### Task data
....................

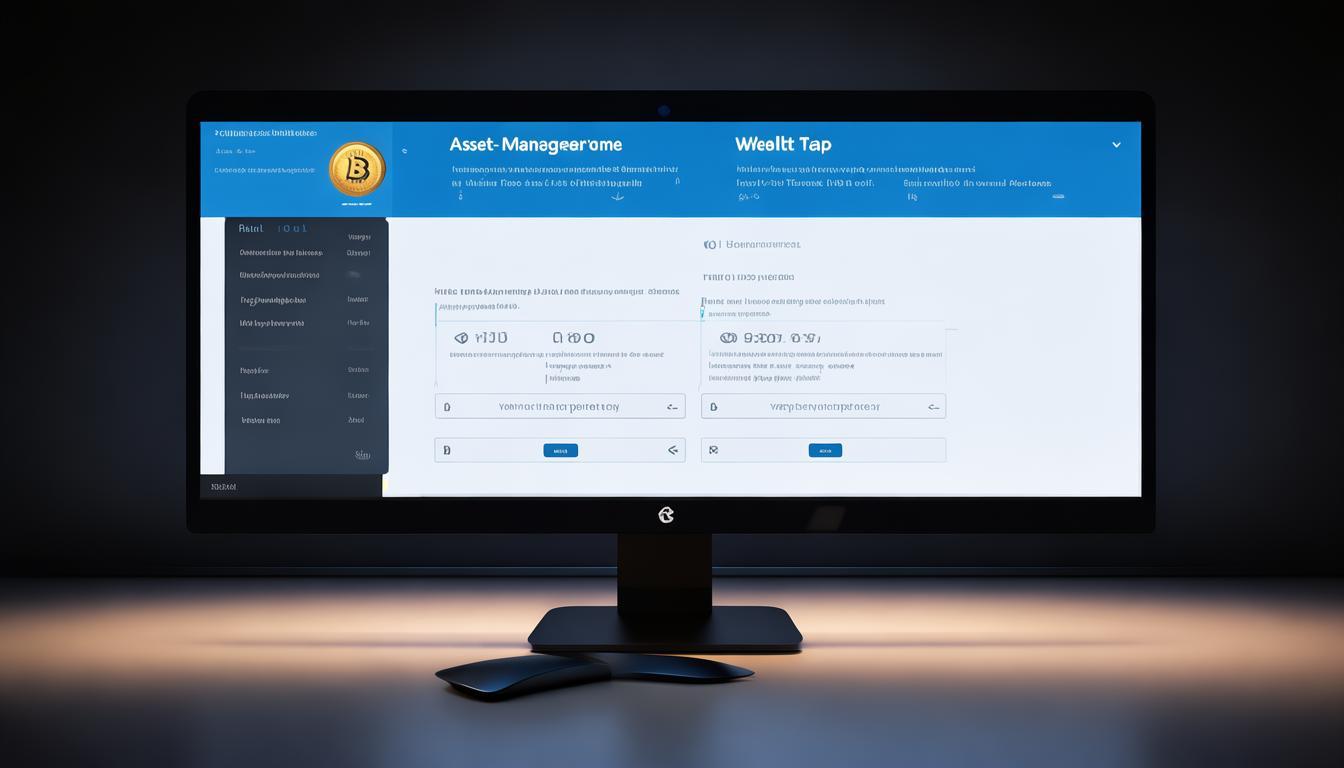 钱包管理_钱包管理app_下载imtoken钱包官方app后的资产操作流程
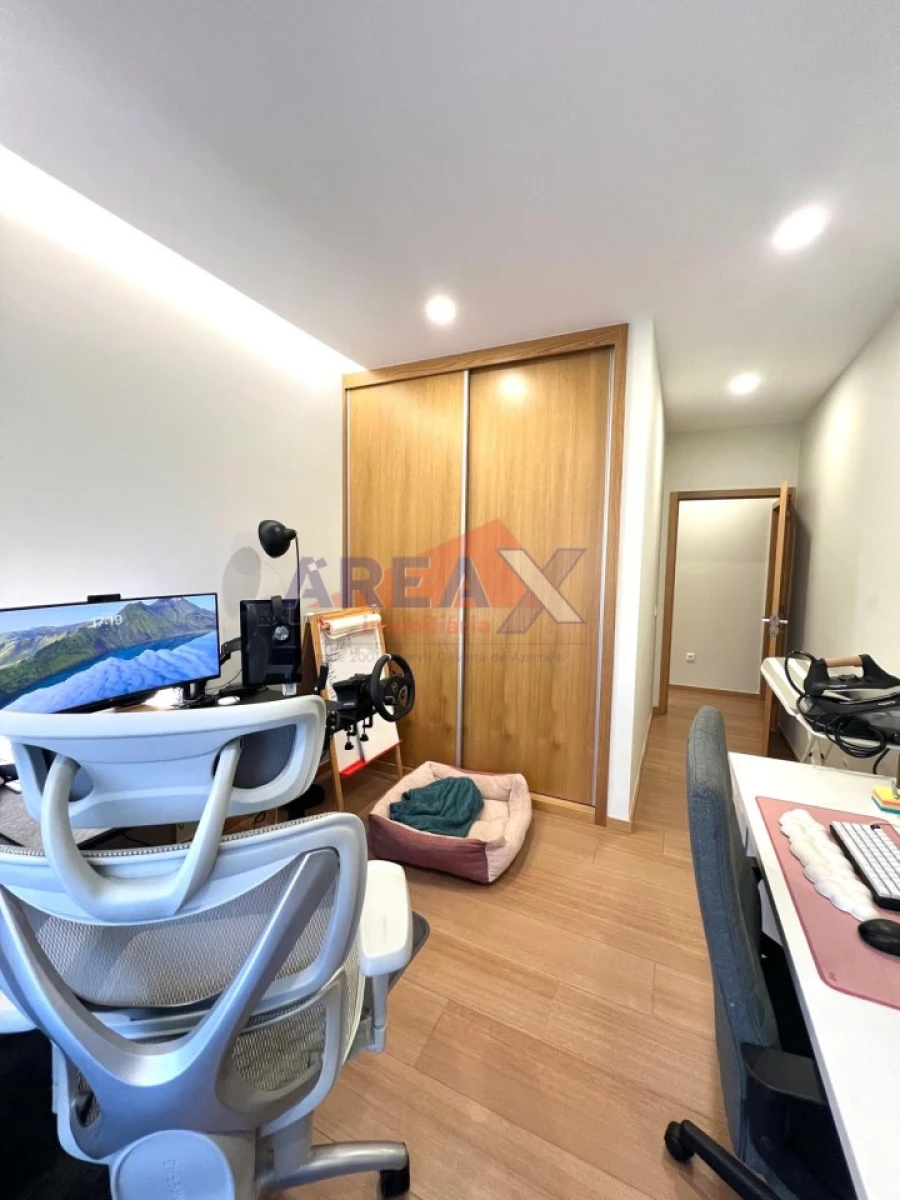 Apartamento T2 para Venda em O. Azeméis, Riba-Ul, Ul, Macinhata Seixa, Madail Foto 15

....................

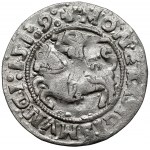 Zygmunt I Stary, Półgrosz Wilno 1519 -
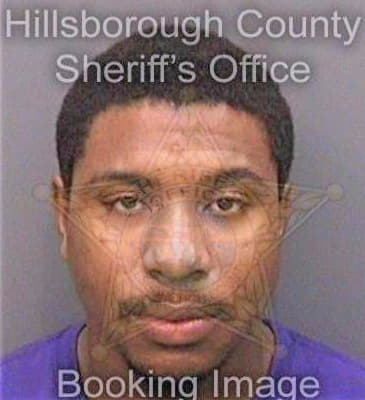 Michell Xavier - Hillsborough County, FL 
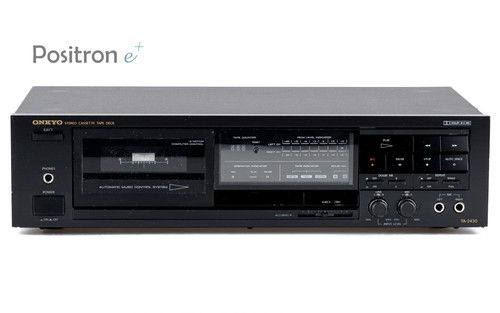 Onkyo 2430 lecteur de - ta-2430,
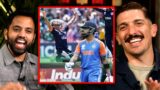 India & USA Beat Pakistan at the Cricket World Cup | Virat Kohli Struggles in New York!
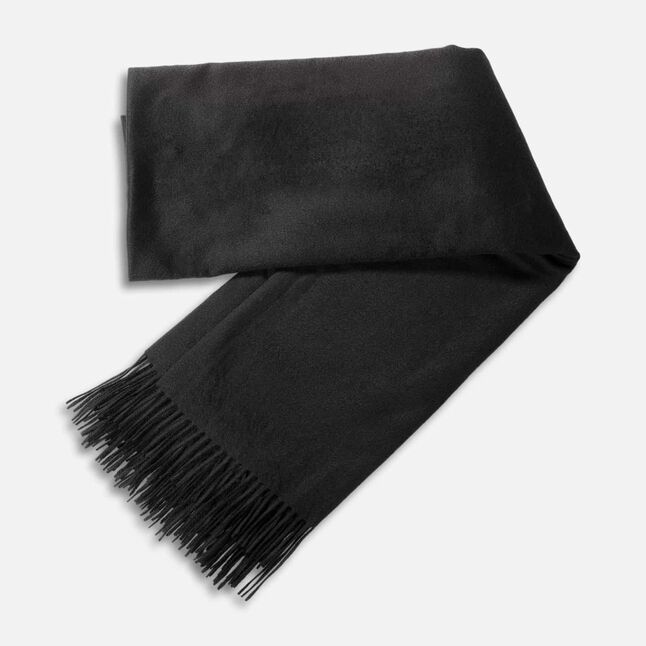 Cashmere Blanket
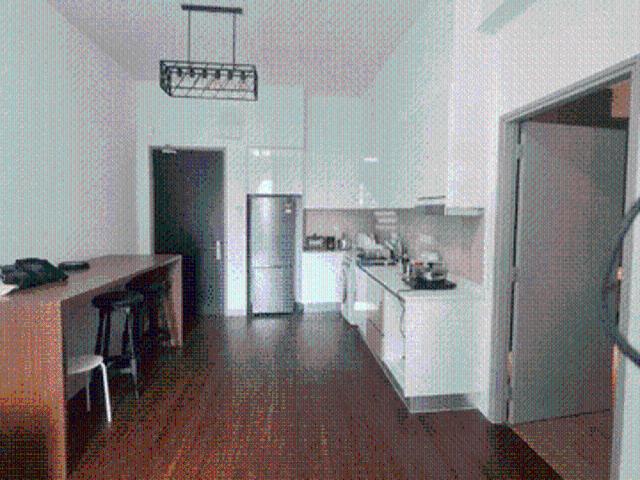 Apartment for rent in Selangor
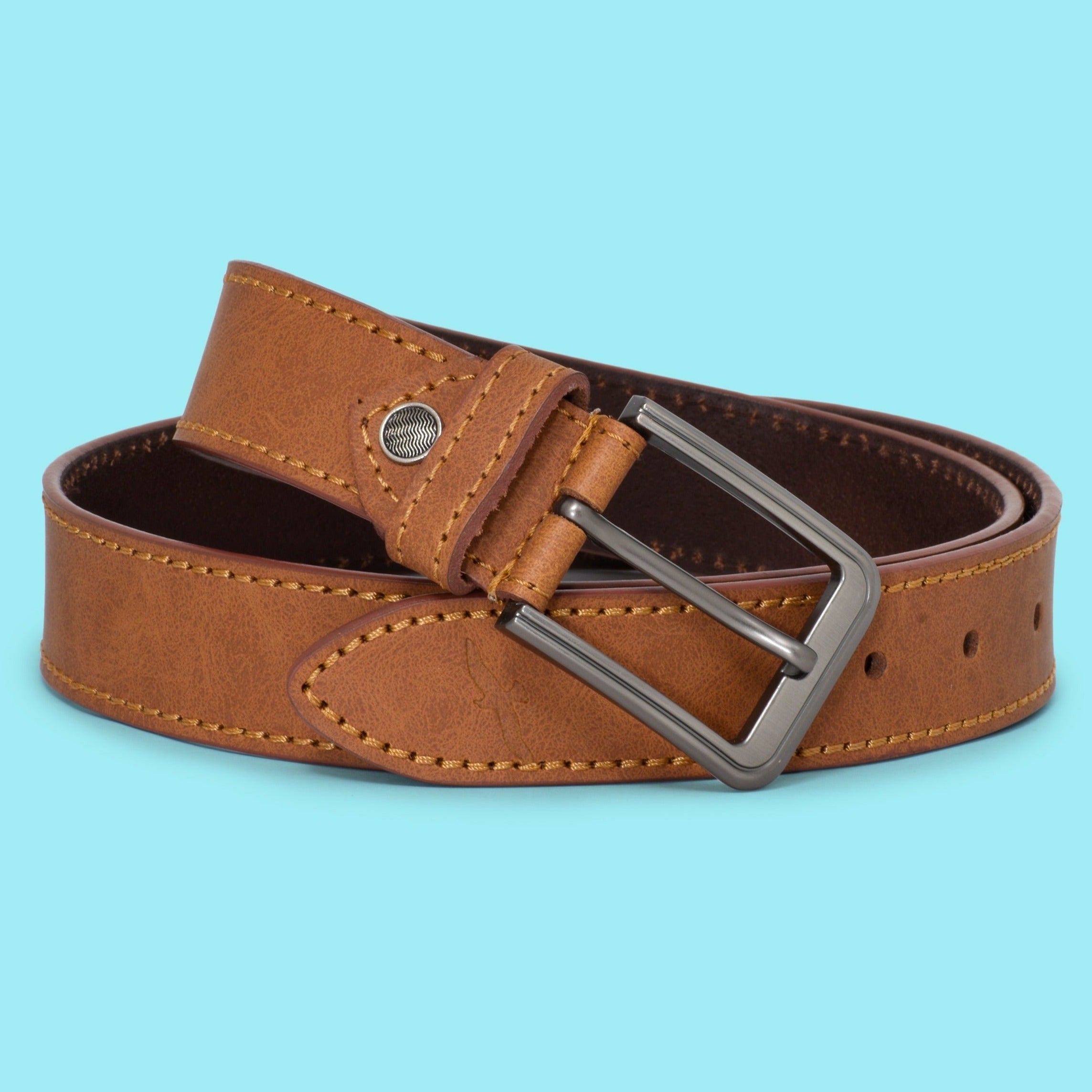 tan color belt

....................

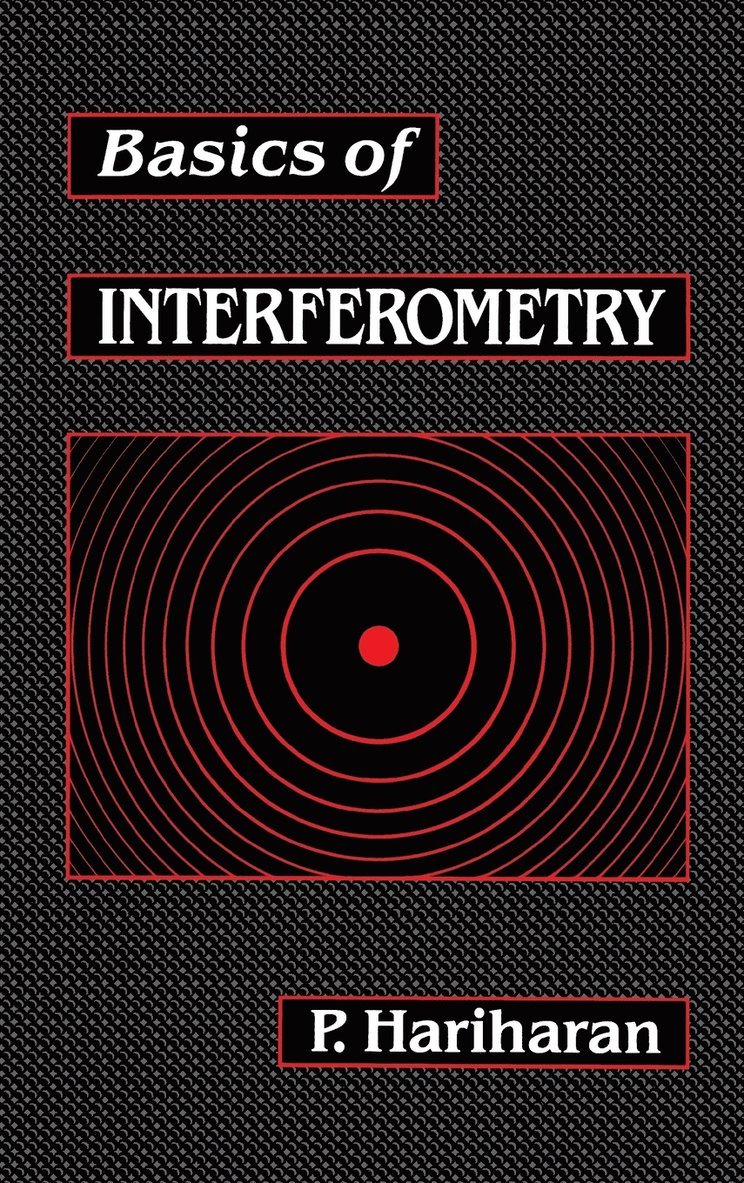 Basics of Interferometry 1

....................

### What to do
Every line above between the one containing "Michell Xavier - Hillsborough County, FL" and the one containing "tan color belt", those two included, is to be printed exactly. No pictures go into the copy.

### Task response
 Michell Xavier - Hillsborough County, FL 
 Onkyo 2430 lecteur de - ta-2430,
 India & USA Beat Pakistan at the Cricket World Cup | Virat Kohli Struggles in New York!
 Cashmere Blanket
 Apartment for rent in Selangor
 tan color belt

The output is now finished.